That move, along with the construction of the Buffalo Niagara Convention Center, inflicted a devastating blow to the city’s radial street grid, Tielman said, cutting off pedestrian traffic in the heart of downtown.

“We can’t see what’s beyond this atrium here on Main Street,” Tielman said. “We don’t know what’s there. And for a lot of people, it’s like, ehh, I can’t see anything there, and they turn around, so it kills pedestrian flow.”

Tielman doubts Snyder Corp. or any future owners would simply give back the original street to the city.
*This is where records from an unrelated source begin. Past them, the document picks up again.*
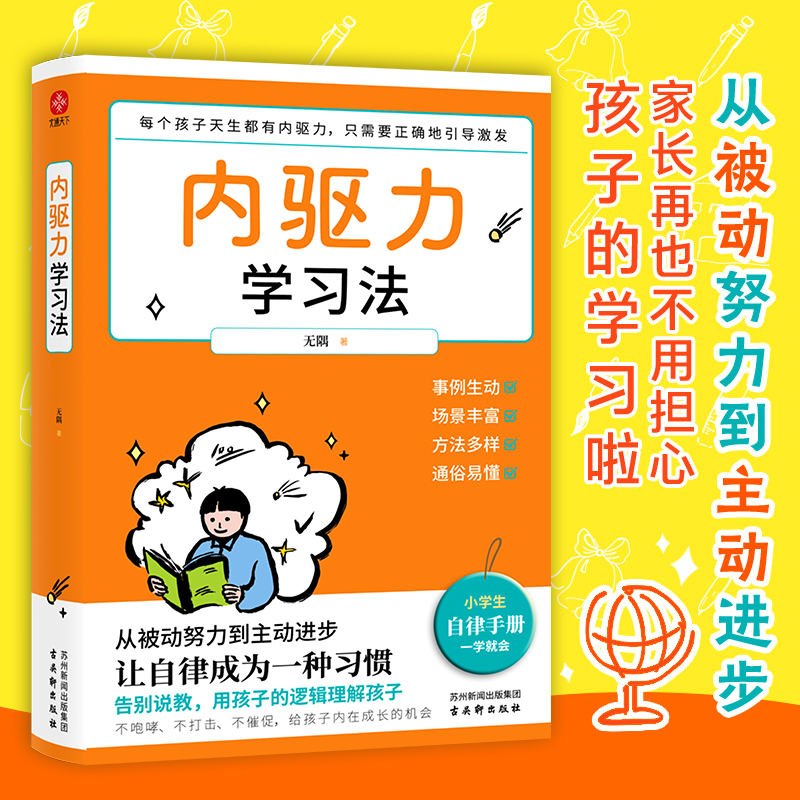 WENTTX  内驱力学习法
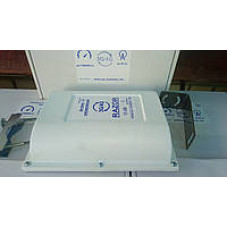 Антенна 3g/4g LTE Razor 15 дБ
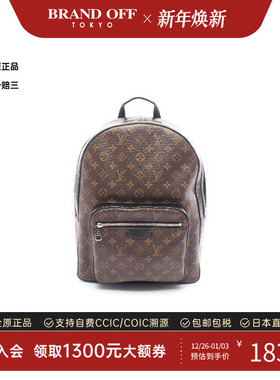 中古LV路易威登男包A级95新Backpack背包涂层/防水帆布双肩包棕色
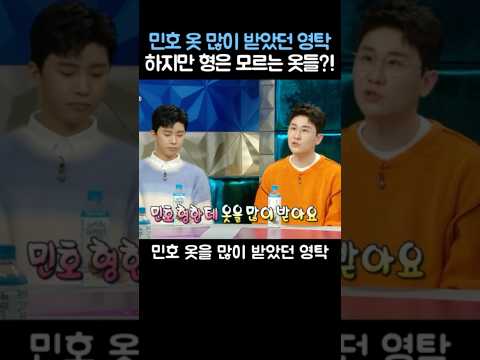 민호 옷 많이 받았던 영탁 하지만 형은 모르는 옷들?!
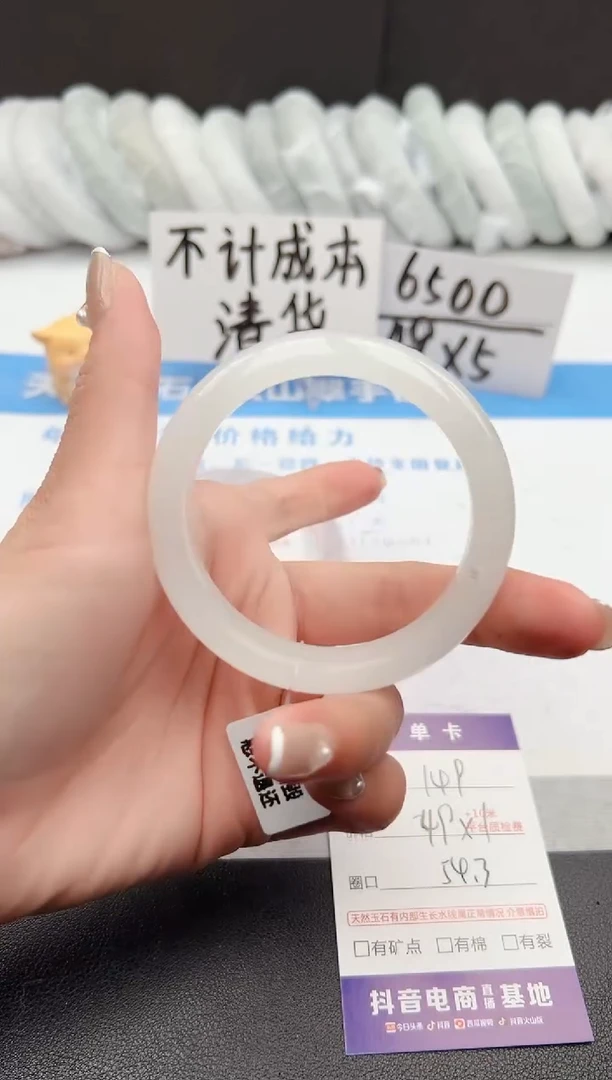 【闪购商品】石英质玉手镯未镶嵌j149-B54.3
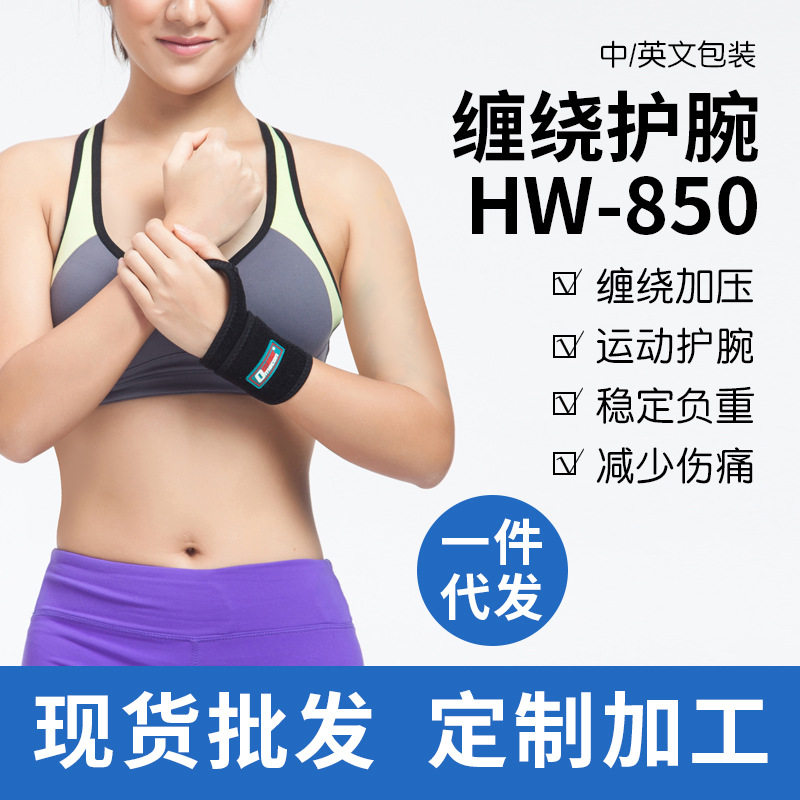 运动护腕加压健身缠绕手腕护带弹性训练捆绑举重哑铃护腕保护套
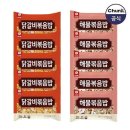 천일해물
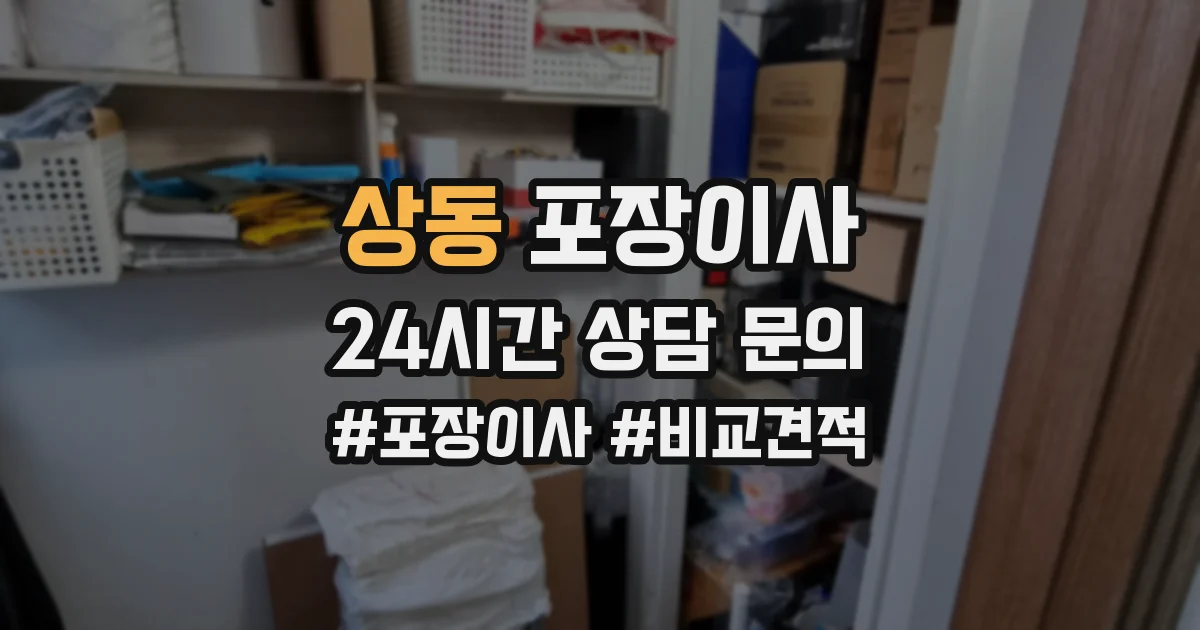 상동 포장이사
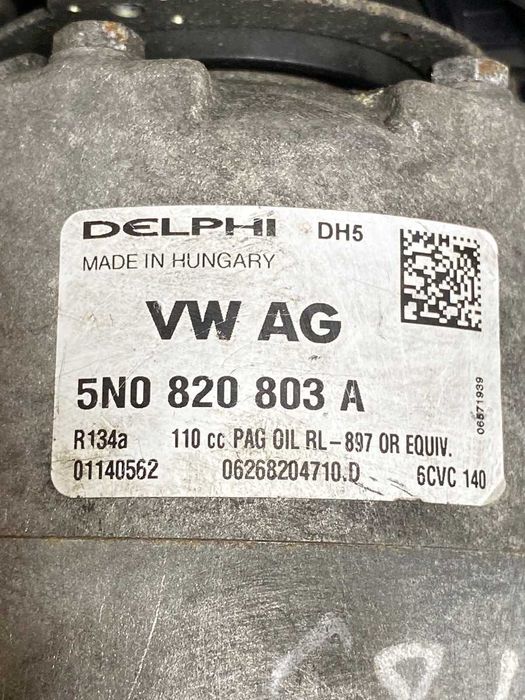 Компресор кондиціонера VW Passat — 5N0820803A / Оригінал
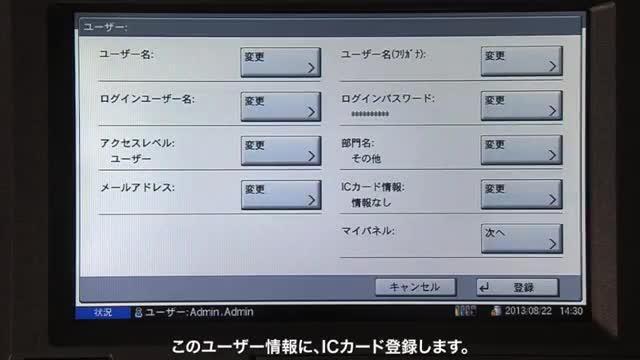 セキュリティー | TASKalfa 4012i/3212i 特長 | 京セラドキュメント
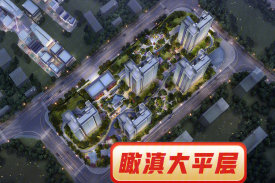 龙湖揽境
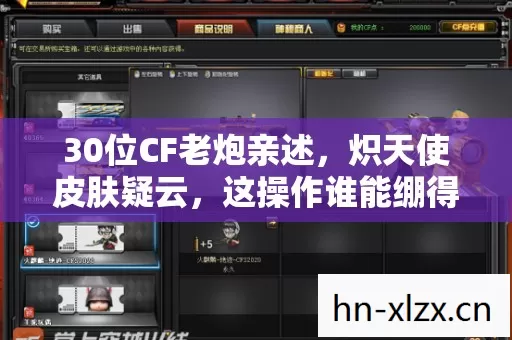 30位CF老炮亲述,炽天使皮肤疑云,这操作谁能绷得住? 30位CF老炮亲述,炽天使皮肤疑云,这操作谁能绷得住?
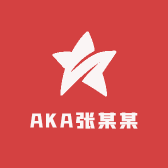 AKA张某某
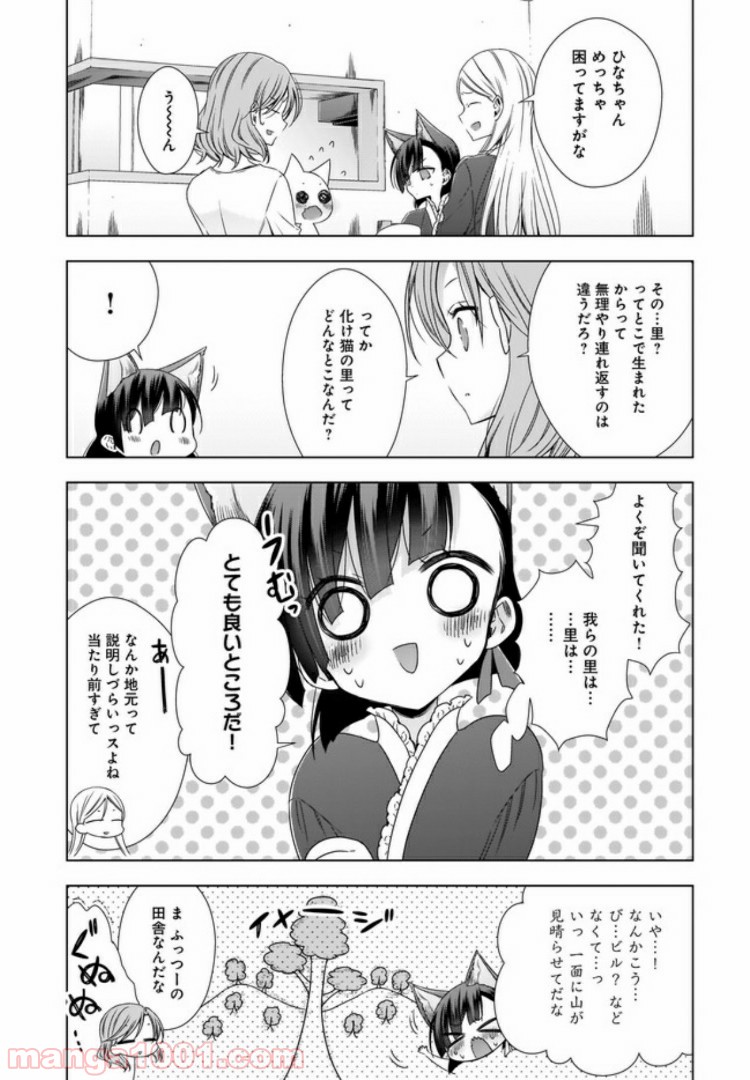 OLさんと猫のはなし 第8話 - Page 6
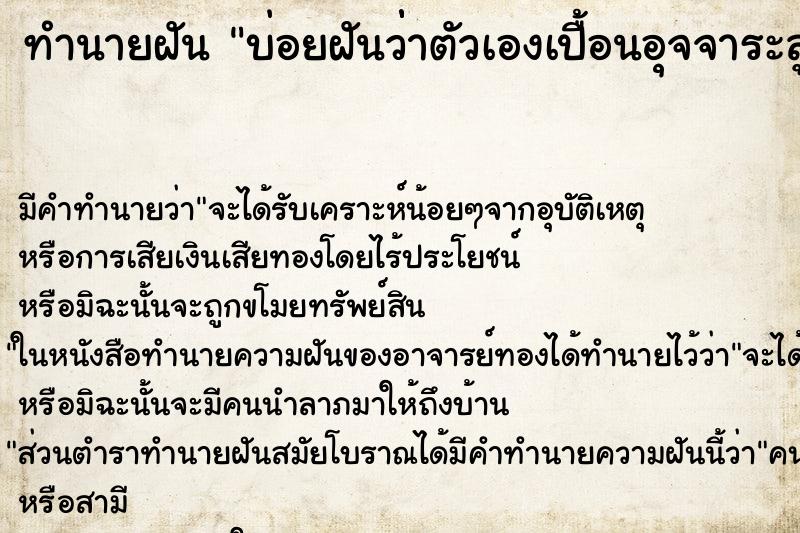 ทำนายฝันบ่อยฝันว่่าตัวเองเปื้อนอุจจาระลูก ทำนายฝันทำนายฝันบ่อยฝันว่่าตัวเองเปื้อนอุจจาระลูก
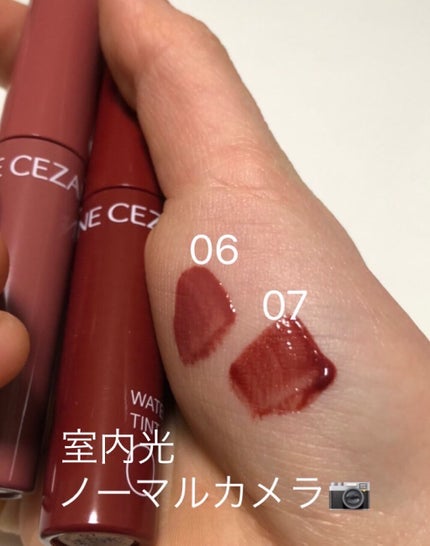 ウォータリーティントリップ/CEZANNE/リップティントを使ったクチコミ(3枚目)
But he hopes the loss of the Hyatt name could spur a re-consideration of pedestrian improvements on that stretch of Main Street.

It’s not as if the public hasn’t tried to help the Hyatt avoid its fate.

A review of Buffalo News stories and public records shows the hotel received millions in public subsidies since it opened in the mid-1980s.

-- A $15 million renovation, unveiled in 2009, included $5.1 Million in state grants and $1.1 Million in tax breaks from the erie county industrial development agency.

An article in The News from that year said the Hyatt “has long struggled to turn a profit since first opening in 1984.”

-- In 1999, a $3 million renovation included sales tax exemptions that were estimated at $224,000.

But the hotel faced money problems stretching back to the 80s, when it escaped foreclosure as a coalition of public and private interests including the Snyder family cobbled together the funds to make it all work..

Hotel officials said they would try to attract another hotel brand to the building. Paul Snyder III did not respond to a message seeking comment for this story. Neither did Michael DeGeorge, spokesman for Mayor Byron Brown.